IA & industries créatives : flipper ou se réjouir ? - [Episode 3/4]

La limite juridique avec le cas des médias : un jeu d’amour et de haine emblématique du débat. Entre recours en justice et accords inédits, l’industrie oscille entre protection des droits et course à l’innovation.

Point de vue

IA & industries créatives : flipper ou se réjouir ? - [Episode 3/4]

L’IA et la créativité : un sujet omniprésent, entre conférences, sommets et débats où tout et son contraire s'affrontent. Dans ce brouhaha, je préfère m’appuyer sur la science – psychologie cognitive, neurosciences, sociologie de la technologie – pour dépasser les opinions et revenir aux faits.

Voici l’épisode 3 sur 4, où l’on explore la dimension juridique de la créativité par intelligence artificielle : potentiellement une vraie limite dans le match IA x Humain.

Vous avez manqué les précédents ? Retrouvez l’épisode 1 surles bases scientifiques de la créativité et l’épisode 2 sur l’effet « moyenne » (voir en bas de cet article).

Une autre limite : le sujet juridique ?

On l’a dit, ce qui fait la force des IA, c’est leur capacité à s’entrainer sur un vaste corpus de données, impossible à examiner rapidement et efficacement par un cerveau humain.

L’autre problème (rempart ?) vient justement de ce corpus. De ce qui fait la force même de l’outil IA.

C’est la question de l'appropriation des données culturelles et créatives.

Les chercheurs en droit et en éthique, comme Luciano Floridi (l'un des plus importants théoriciens de la philosophie de l'information et éthique de l'informatique) soulignent les dangers d'une exploitation non éthique des données.

Si l’IA utilise des œuvres culturelles existantes sans compensation ou reconnaissance, cela pourrait mener – selon certains spécialistes - à une forme de colonisation culturelle numérique, où les grandes entreprises technologiques exploitent les connaissances et l’art issus de diverses. Une grande partie de ces données provient en effet des créations passées qui sont souvent issues de cultures et de patrimoines collectifs.

De fait, aucun consentement n’a été recueilli jusqu’alors. D’où la montée en puissance des questions sur l'appropriation des données sans compensation. C’est valable dans tous les domaines artistiques : musique, arts visuels, design, littérature, architecture, etc.

Et si je citais dans l'épisode 2 l’exemple du luxe, dans ce cas précis c’est l’industrie des médias qui est en première ligne, industrie pour laquelle je suis intervenu à de multiples reprises en tant que conférencier créativité et conférencier innovation.

Avec dans cette industrie un jeu d’amour et de haine très particulier qui brouille encore un peu plus les pistes.

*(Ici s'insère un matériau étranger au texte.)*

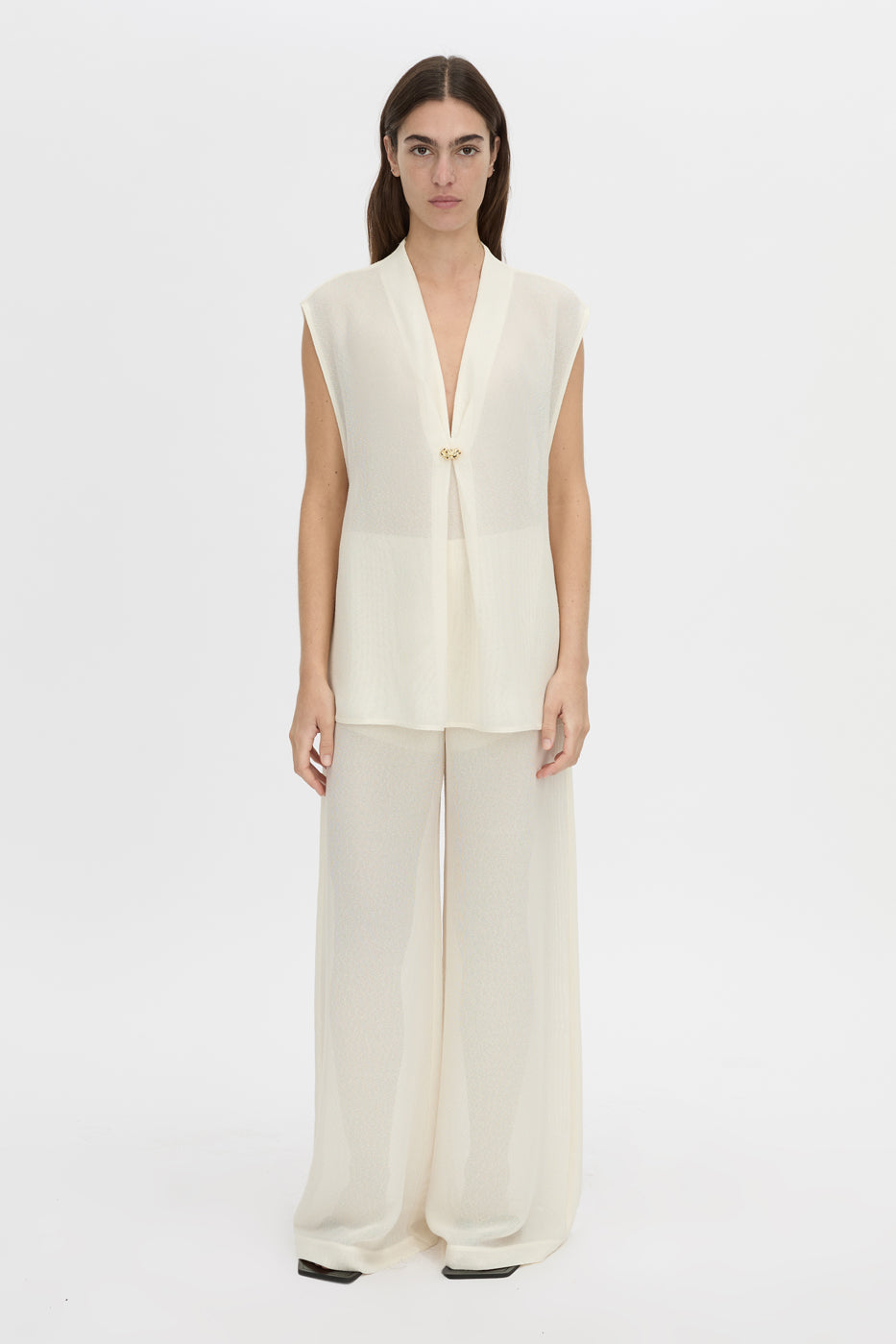 Camilla And Marc Tessara Top in Cream - styled look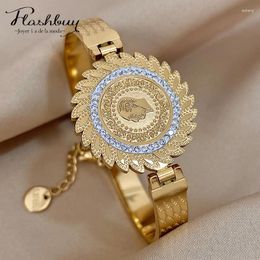 Bangle Flashbuy Chunky Gold Colour Charm Portrait Coin Stainless Steel Bangles Bracelets For Women Creative Waterproof Jewellery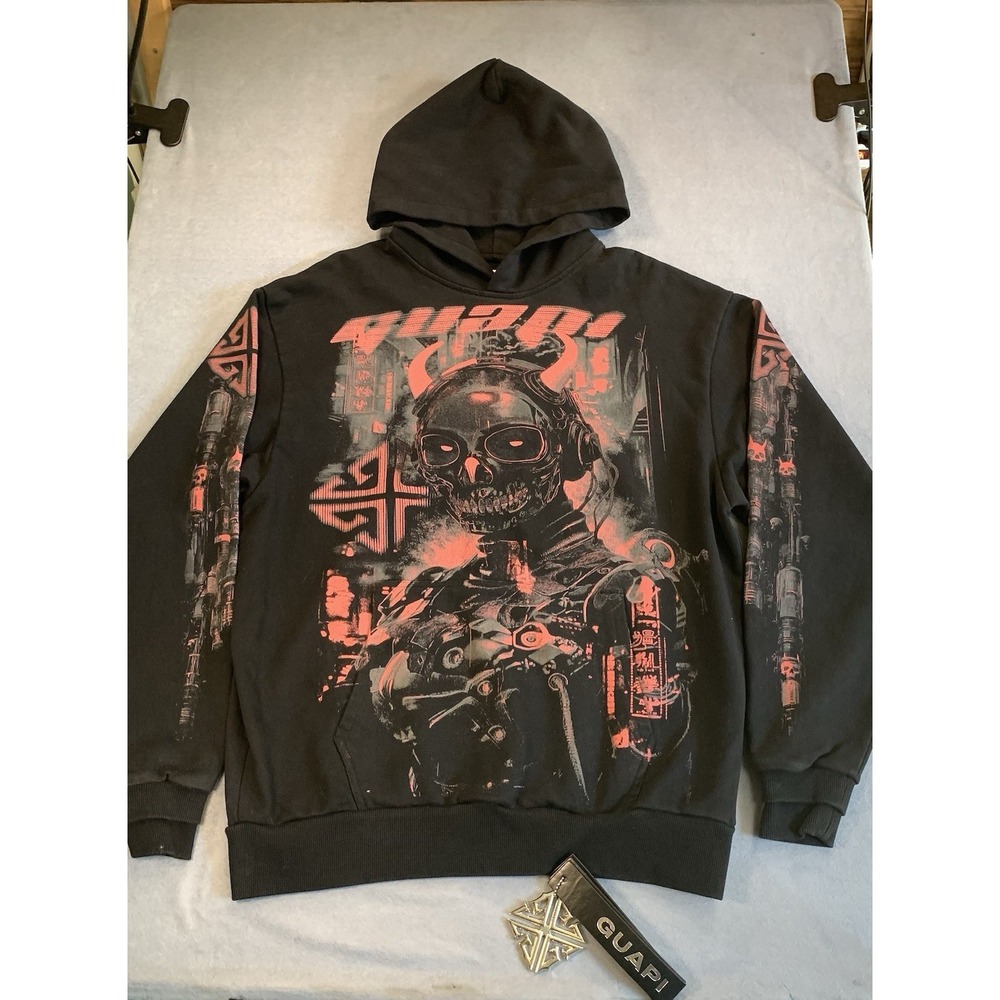 Guapi Hoodie Mens S Black Limited Edition OOP Street Goth Techno Skeleton NWT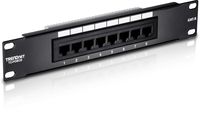 TRENDnet 8-Port Cat6 Unshielded Rackmount Patch Panel, 10 Inch Wide, 8 x Gigabit RJ-45 Ethernet Ports, TC-P08C6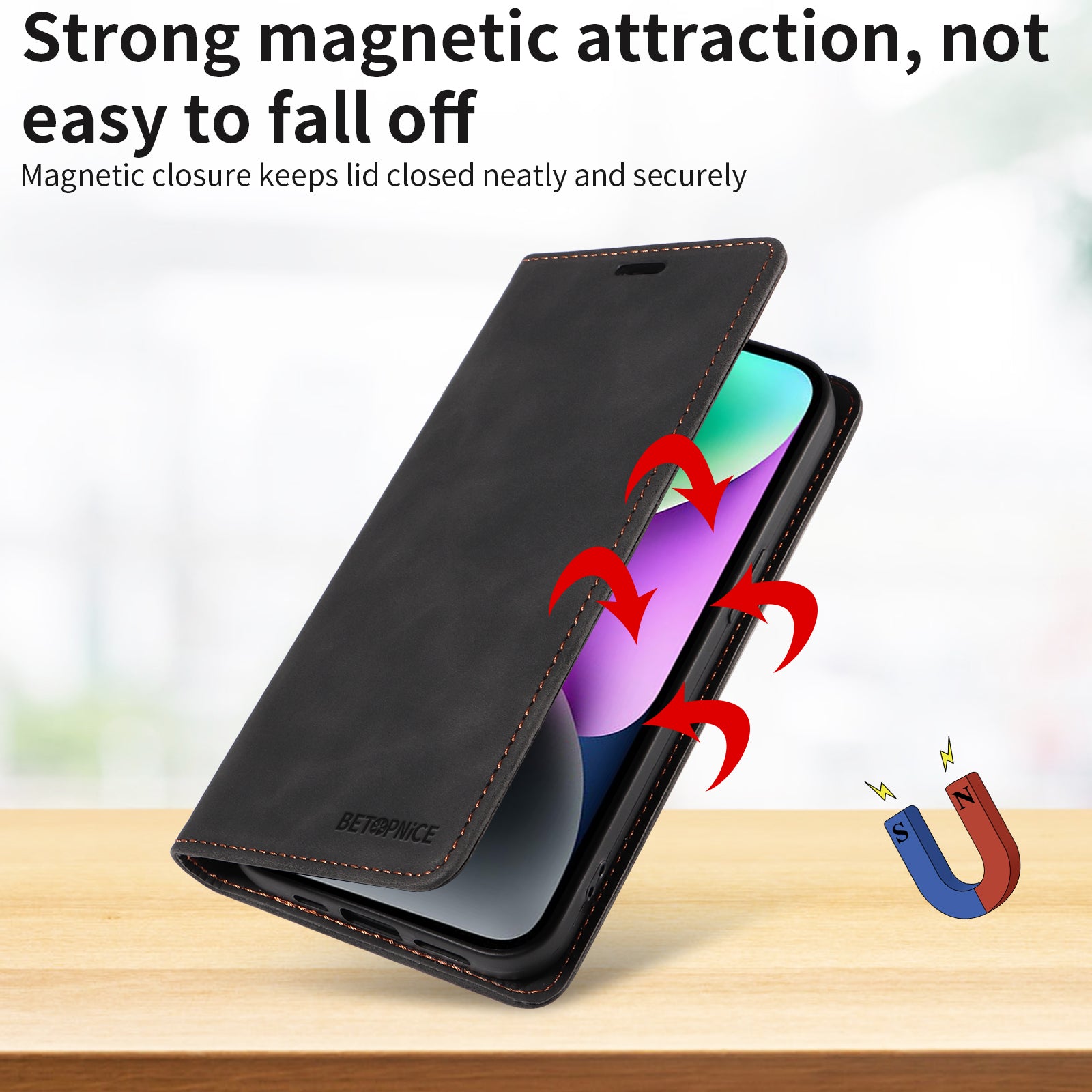 For Xiaomi Redmi Note 15 Pro 5G (Global) Case BETOPNICE Magnetic Closure RFID Blocking Wallet Stand Leather Phone Cover - Black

Au moment même où OpenAI et Google réclament un assouplissement du droit d'auteur au nom du « fair use », arguant que la concurrence chinoise (avec DeepSeek), impose ce choix pour conserver la longueur d’avance technologie américaine…

L’exemple des médias : je t’aime moi non plus

Fin 2023, le groupe Axel Springer a annoncé la suppression de plusieurs postes de production au sein de Bild et Die Welt, misant sur l’automatisation pour recentrer l’activité sur la création journalistique. En parallèle, de nombreux journaux français, comme 20 Minutes, La Provence, Centre France et Sud-Ouest, ont traversé une année 2024 difficile, confrontés à des défis économiques et structurels.

Si Microsoft et OpenAI veulent utiliser notre travail pour un usage commercial, la loi les oblige à demander d’abord la permission

En 2023 et 2024, le New York Times a engagé des poursuites contre OpenAI et Microsoft, les accusant de violation des droits d’auteur. Le journal estime que l’utilisation de son contenu par ChatGPT représente un préjudice de plusieurs milliards de dollars et exige que ces entreprises demandent une autorisation avant toute exploitation commerciale de ses articles.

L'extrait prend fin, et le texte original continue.